WHAT YOU HAVE TO DO | Begin with the line below holding "Não haverá concursos" and go on through the line holding "Vasili Sunstay Apartment", duplicating each line exactly and leaving out pictures.

DATA EXCERPTS |
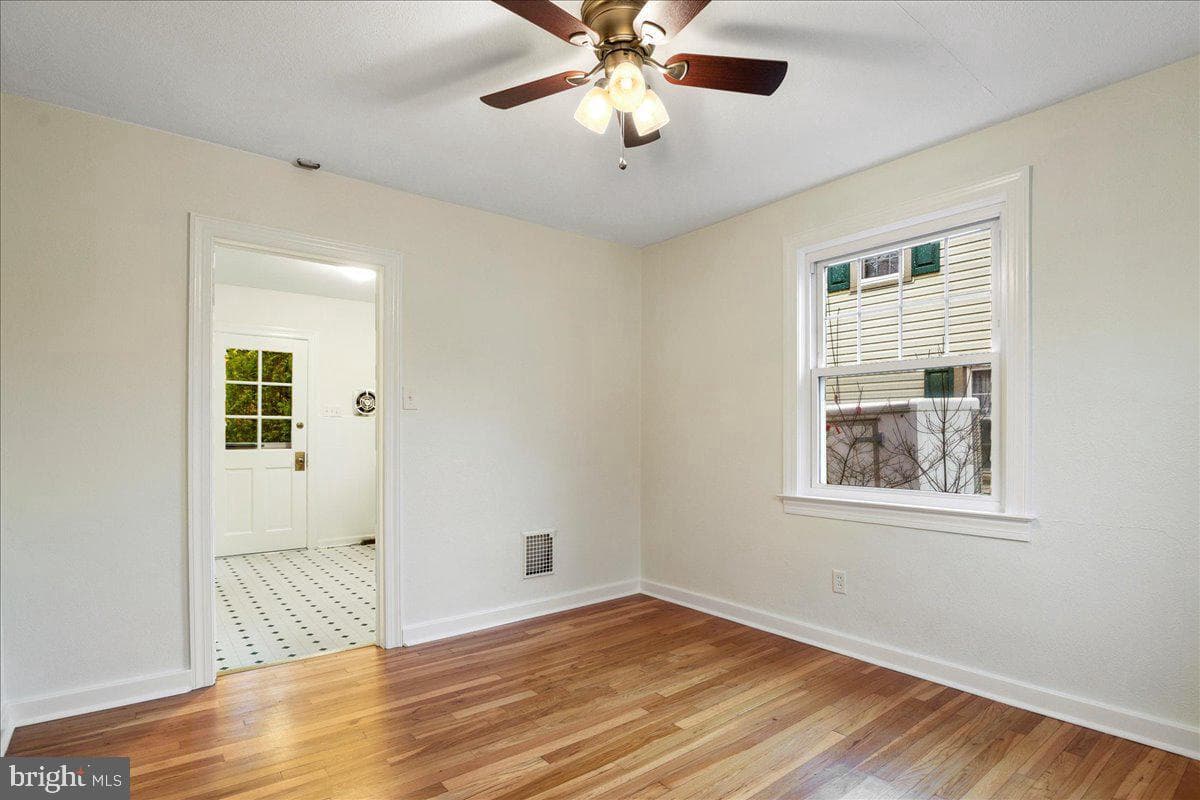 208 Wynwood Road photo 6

* * *

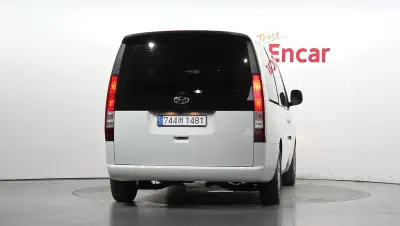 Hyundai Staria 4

==

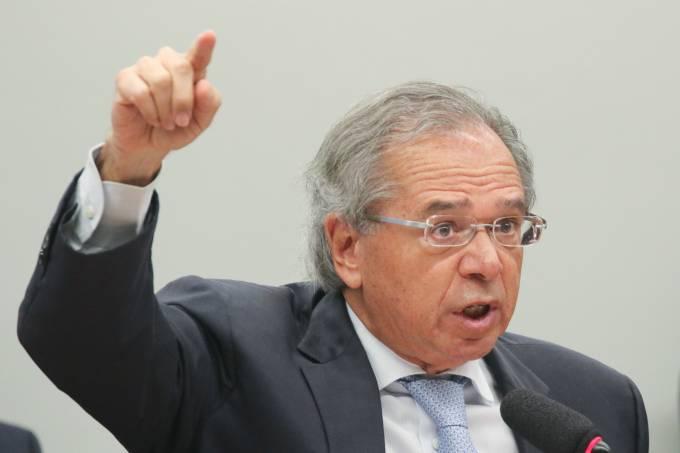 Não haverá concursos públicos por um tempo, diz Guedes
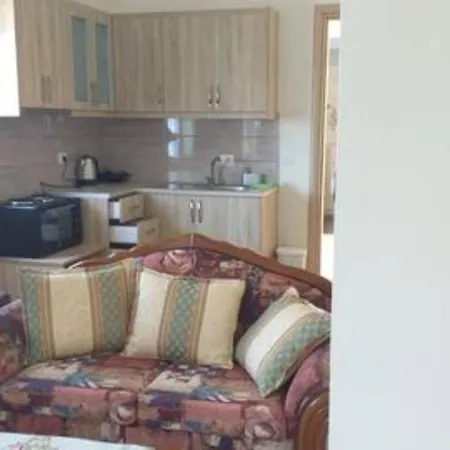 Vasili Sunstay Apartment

SOLUTION TO THE EXERCISE |
 Não haverá concursos públicos por um tempo, diz Guedes
 Vasili Sunstay Apartment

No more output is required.